Nel 2010 la Otter Kreek Brewing fu acquistata dalla società di private equity del Massachusetts, la Fulham & Co., attraverso la sua sussidiaria nel Vermont, la Long Trail Brewing Company.
Nel 2015 fu abbandonata la produzione delle birre Wolaver. Ma anche il marchio Otter Creek ha subito una quasi totale rivoluzione.
Otter Creek Free Flow, india pale ale di colore dorato pallido e dall’aspetto nebuloso (g.a. 6%). Con una carbonazione relativamente sostenuta, la schiuma, di un bianco sporco, si leva alta, spessa, abbastanza durevole. L’intensità olfattiva appare piuttosto elevata, e di gradevole finezza: malto caramellato, fieno, miele, luppolo agrumato, pino, lievito, frutta tropicale. Il corpo, medio-leggero, ha una consistenza oleosa. L’imbocco è fresco, con tante note di resina e di pino; segue un luppolo floreale croccante e pungente; chiude il lungo percorso una certa dolcezza di malto, pera, mela, polpa di mandarino. Nel finale un secco amarore si protrae abbastanza, per lasciare nel retrolfatto sensazioni di scorza d’agrume pressoché astringenti.

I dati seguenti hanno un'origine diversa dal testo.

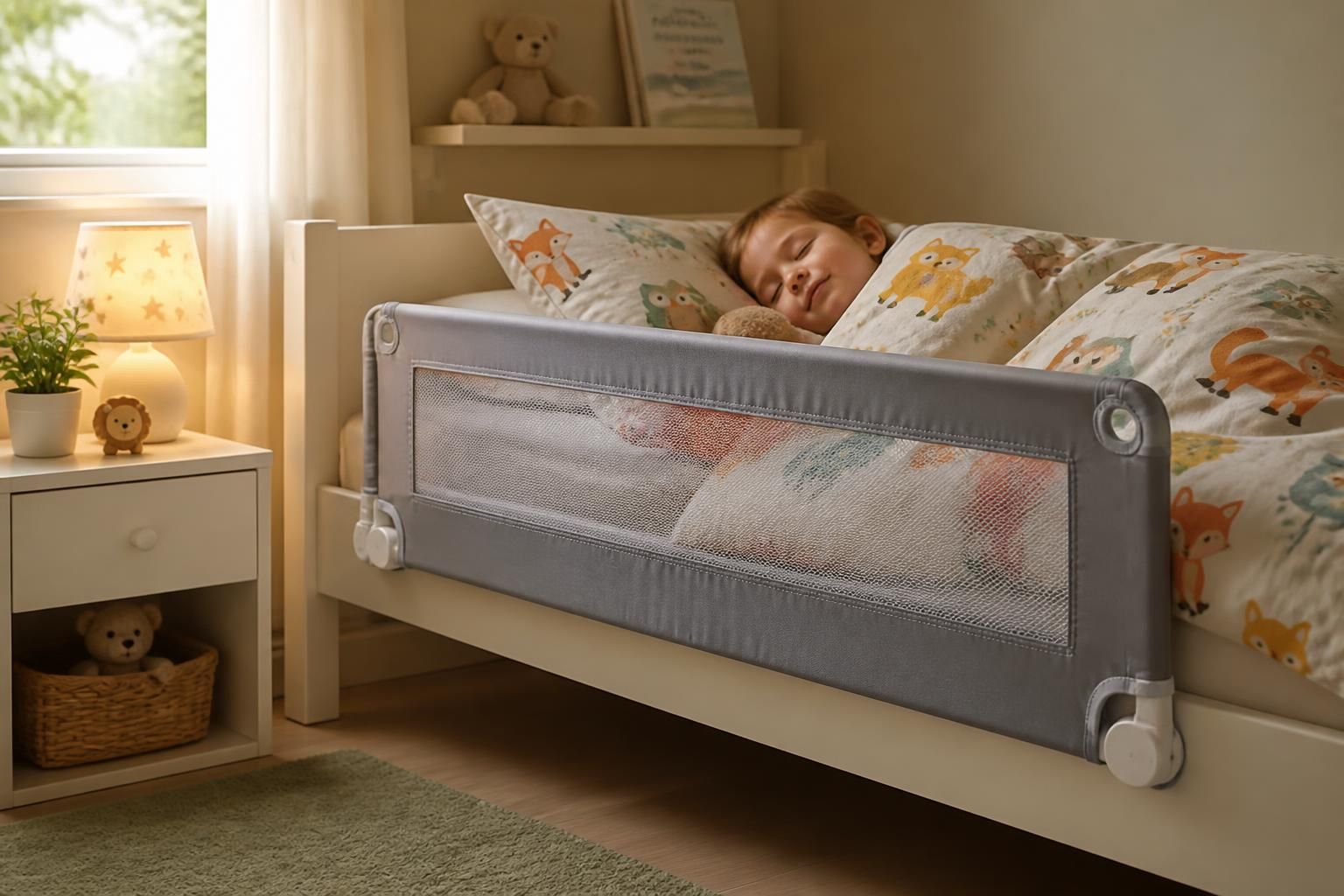 découvrez comment une barrière de lit garantit la sécurité et le confort des tout-petits pendant leur sommeil, un accessoire essentiel pour les parents soucieux de la protection de leur enfant.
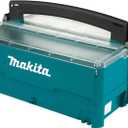 Makita P-84137 MAKPAC Interlocking Storage Box with Inserts, 6-1/2" x 15-1/4" x 11-5/8"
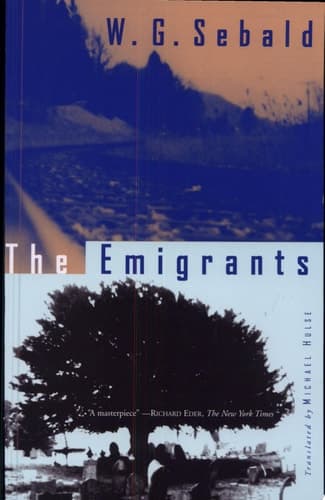 Cover of The Emigrants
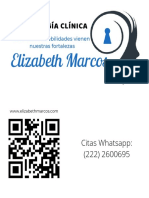 Elizabeth Marcos: Psicología Clínica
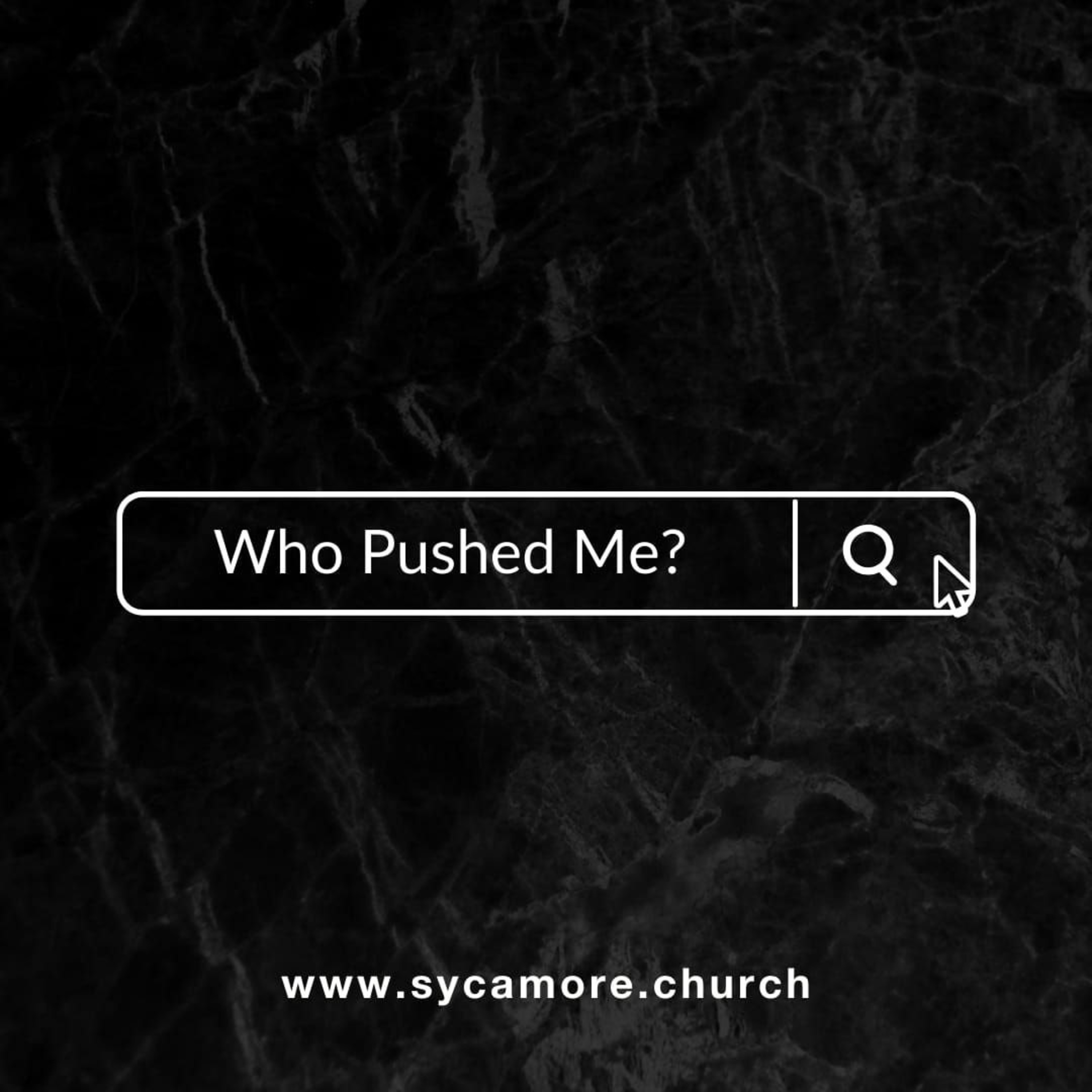 Who Pushed Me? | Pastor Tolulope Moody | Sycamore Church episode artwork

Otter Ckreek Overgrown, american pale ale di colore arancio dorato chiaro e dall’aspetto leggermente velato (g.a. 5,5%); un’offerta autunnale. Con una carbonazione media, la schiuma bianchiccia sbocca sottile, densa, di non lunga durata ma lasciando al bicchiere una bella allacciatura. L’aroma mostra una discreta complessità, con sentori che si sviluppano in armonia tra loro però ognuno mantenendo una distinta personalità: erba fresca appena tagliata, zucchero da tavola, malto, luppolo floreale, arance candite, pino, agrumi e frutti tropicali, spezie leggere. Il corpo tende al medio, in una consistenza acquosa. Nel gusto il malto deve accontentarsi di far da spalla, insieme al caramello e alla polpa di agrumi, all’assoluto dominio di un luppolo fruttato che, comunque, si guarda bene dal rompere l’equilibrio. Il finale risulta abbastanza intenso, anche se un po’ astringente nella sua ruvida asciuttezza. Nel retrolfatto si articolano suggestioni di terra, resina e frutta secca.